### Assigned task
Transcribe exactly, and only, the lines from the one containing "bathroom featuring tile" through the end of the entries below, leaving the pictures out.

[Stored data]

::::::::

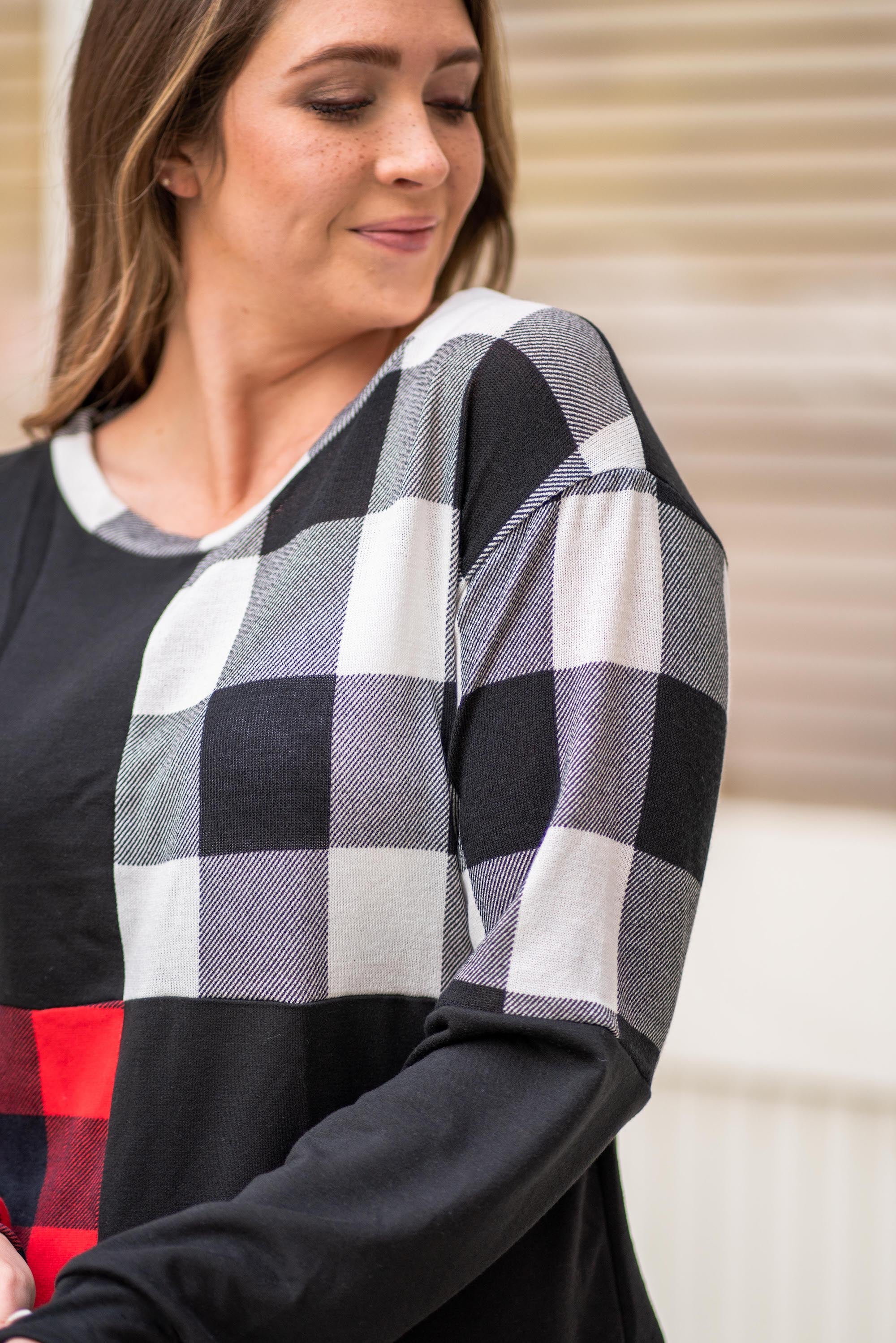 BiBi Throw on for an easy casual look with your favorite jeans this fall. Color: Black Neckline: V Neck Sleeve: Long Style #: BT2116 Contact us for any additional measurements or sizing.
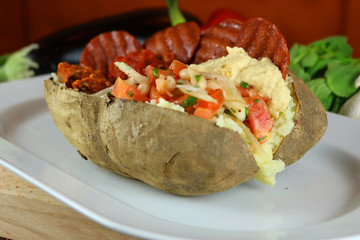 Kumpir - Traditional Turkish meal with baked potato, butter, cheese, bulgur salad, beef sausage and hot spices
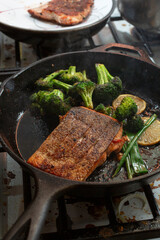 A view of a salmon fillet and broccoli cooking in a cast iron skillet.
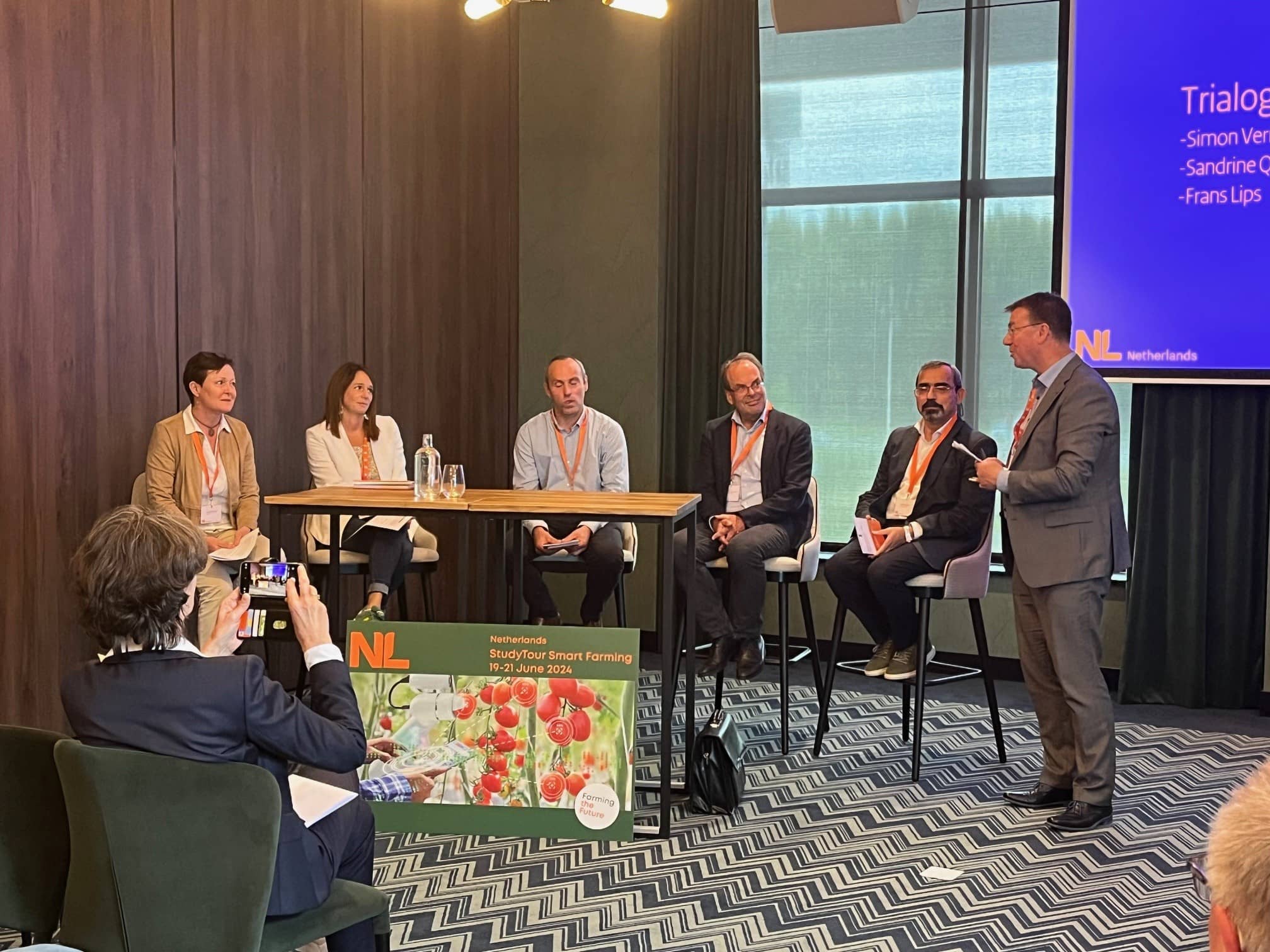 Vijf mensen zitten in een vergaderzaal van een hotel op een hoge kruk met de moderator naast hen. Voor hen staat een tafel met wat glaasjes water.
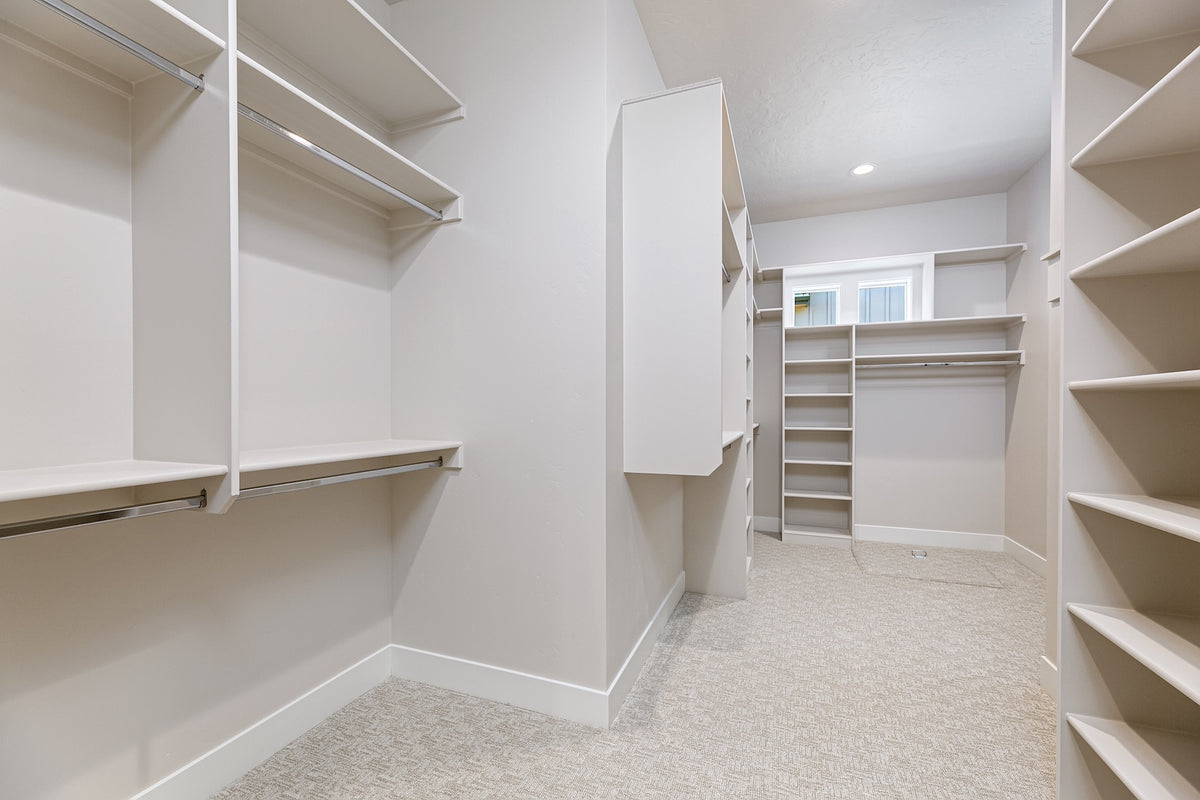 Empty walk-in closet with white shelves and a neutral color scheme.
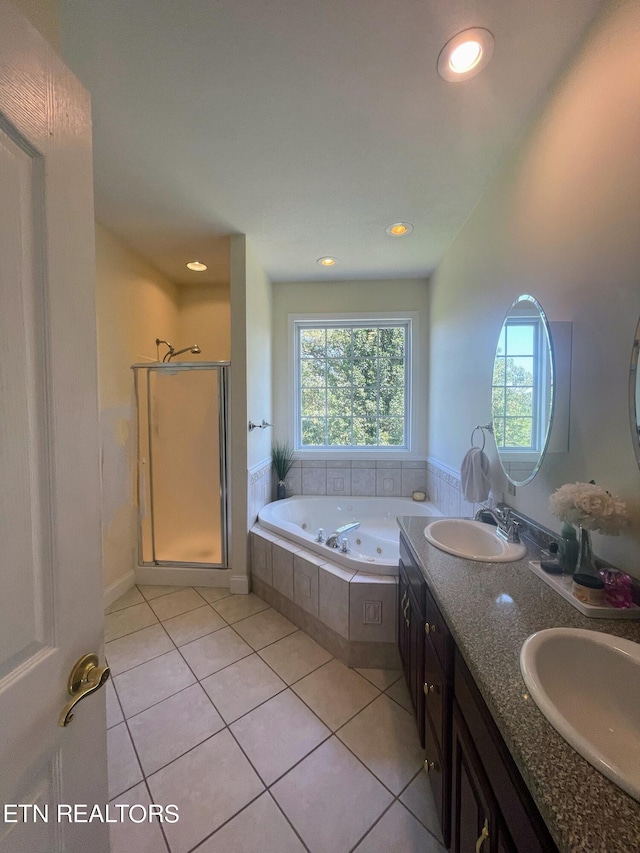 bathroom featuring tile patterned flooring, shower with separate bathtub, and vanity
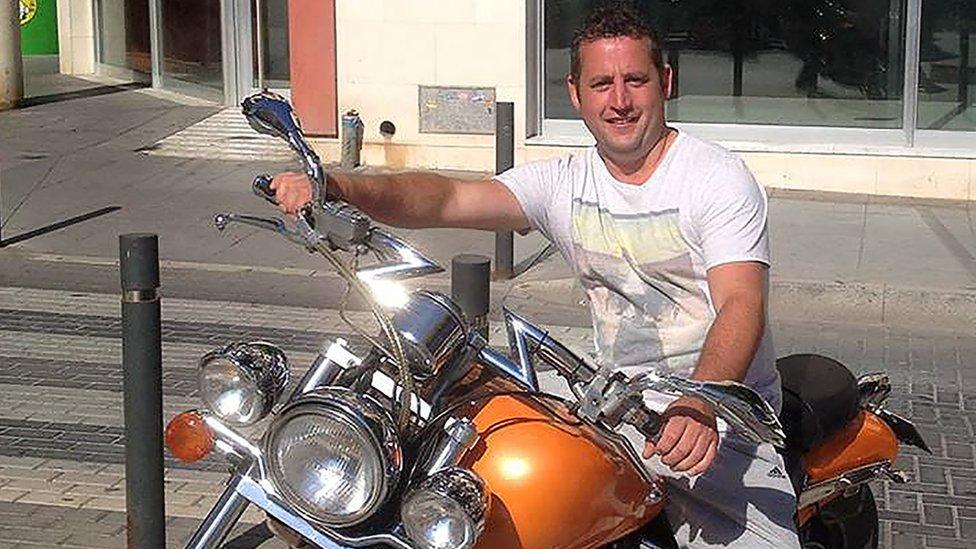 Charlie Birch sitting on a motorcycle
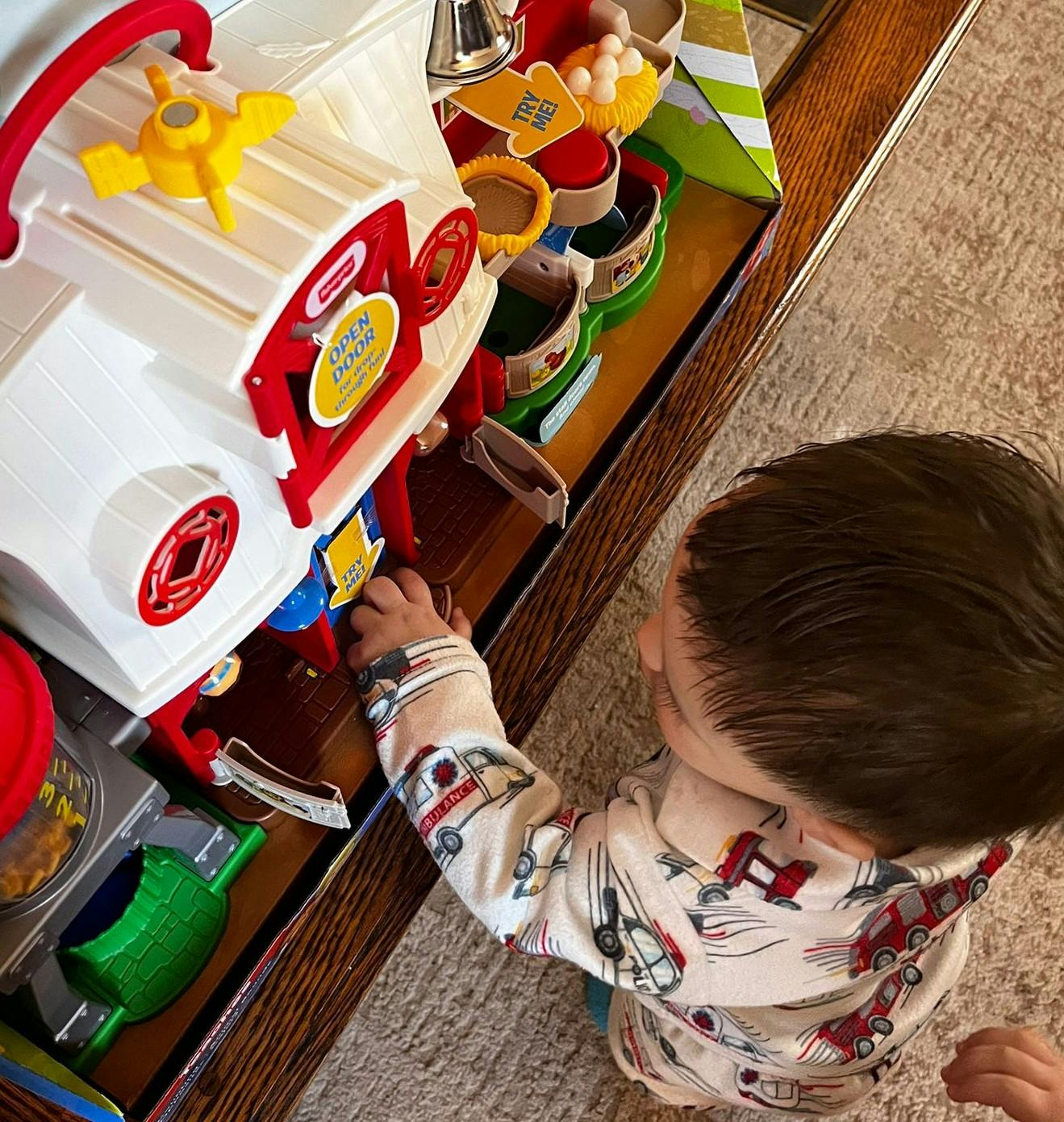 Child playing with a toy farm set
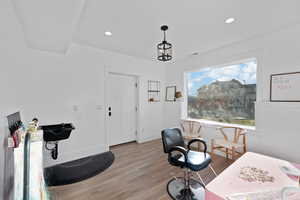 Home office with plenty of natural light, visible vents, light wood finished floors, and recessed lighting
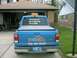 1999 Ford Crown Victoria - A blue Ford pickup truck is parked in a driveway, displaying company information on its tailgate.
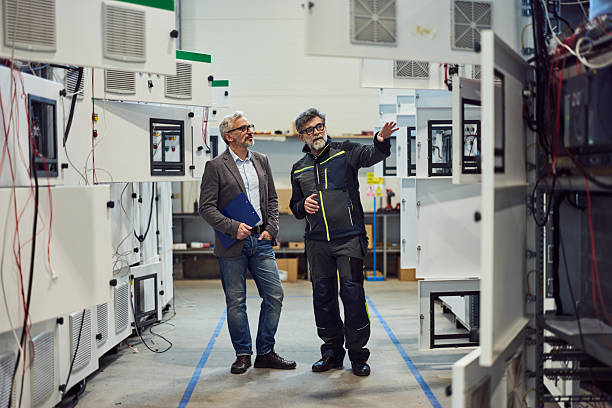 istock Two Professionals Discussing Machinery in Industrial Setting for Production Overview 2217115049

::::::::

### Task result
 bathroom featuring tile patterned flooring, shower with separate bathtub, and vanity
 Charlie Birch sitting on a motorcycle
 Child playing with a toy farm set
 Home office with plenty of natural light, visible vents, light wood finished floors, and recessed lighting
 1999 Ford Crown Victoria - A blue Ford pickup truck is parked in a driveway, displaying company information on its tailgate.
 istock Two Professionals Discussing Machinery in Industrial Setting for Production Overview 2217115049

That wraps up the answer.